Projects | Peterkorn

ICON https://www.icon-model.org

ICON is probably the largest model development project within Germany. It has started more than 10 years ago as joint project between the Max-Planck Institute for Meteorology, German Weather Service DWD, the German Climate Computing Centre with the goal to develop a new model for Numerical Weather Prediction and Climate Science. It involves now national and international partners. ICON is a central element of Germany's national climate modelling strategy and it is used in national and International projects.

Numerics for Atmosphere & Ocean

The success of ICON-O is due to its underlying numerical method. I develop structure-preserving numerics for atmosphere and ocean dynamics.

Cryosphere

Together with my former postdoc C. Mehlmann I have developed a new discretization for the sea-ice dynamics. Future work will include also ice-shelf modeling, through the project “Terra-DT” about a “digital Twin of Earth system for Cryosphere, Land surface and related interactions”.

Mathematical Analysis

I keep a strong connection to the mathematical analysis of fluid dynamical equations. This inspired much of my work on numerical methods. The problems I am interested in are classical questions of well-posedness and regularity properties for equations of geophysical fluid dynamics.

Turbulence Modelling and Computational Convex Integration

Convex integration is a constructive method that was introduced by C. De Ellis and L. Szekelyhidi in the analysis of hydrodynamic equations. The application of convex integration culminated in the completion of the proof of Onsager’s conjecture. Convex integration is a promising tool that opens new direction in turbulence and in fundamental question on hydrodynamic equations such as uniqueness and regularity. In a collaboration with L. Szekelyhidi and R. Klein we aim to formulate and implement a computational version of convex integration and use it in cutting-edge turbulence simulations.

Machine Learning

ML is an exciting new instrument in the modeller toolbox. Its application for climate modelling is much more challenging than for weather forecasting and a hot research topic. In the project ExaOcean https://www.fz-juelich.de/en/ias/jsc/projects/exaocean we aim to integrate ML-techniques into the numerics of ICON-O to improve the models performance and scalability on Exascale Computers. This project is funded by the German Federal Ministry of Education and Research.

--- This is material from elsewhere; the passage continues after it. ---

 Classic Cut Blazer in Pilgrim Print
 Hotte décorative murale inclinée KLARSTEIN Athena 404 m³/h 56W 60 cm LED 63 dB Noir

Computational Ocean Turbulence
ICON-O is one of the fastest ocean models worldwide. This is the result of its numerical properties, of a careful code design and of advanced optimization techniques. This performance allows us to approach unpre-cedented spatial resolutions. In an attempt to push the envelope we designed an experiment where ICON-O’s horizontal resolution ap-proaches locally 500m and where we have subkilometer resolution over large parts of the North Atlantic. With this experimental configuration we could represent submesoscale dynamics, a class of phenomena with a spatial extend of 100m-10 km spatially and a lifetime of days to weeks that is supposed to play an important role in the ocean’s route to dissipation. With our experiment we are analysing and quantifying the oceanic dissipation mechanism

Coastal Dynamics and Marine Biogeochemistry

As part of the The Hamburg Excelencecluster "Climate, Climatic Change, and Society" ("CLICCS" https://www.cliccs.uni-hamburg.de/) we modelled the physical and biogeochemical dynamics of the global land-ocean transition zone and its role in the Earth system using a coastal telescope configuration of the ICON-O and the integrated marine biogeochemistry model HAMOCC in global configuration. See also the EOS-highlight: https://eos.org/editor-highlights /substantial-advance-towards-a-global-coastal-carbon-model. In order to handle the enormous computational costs that arise by including biogeochemistry models we implemented the concept of "concurrency" into ICON-O that allows us to run the marine biogeochemistry at high resolution.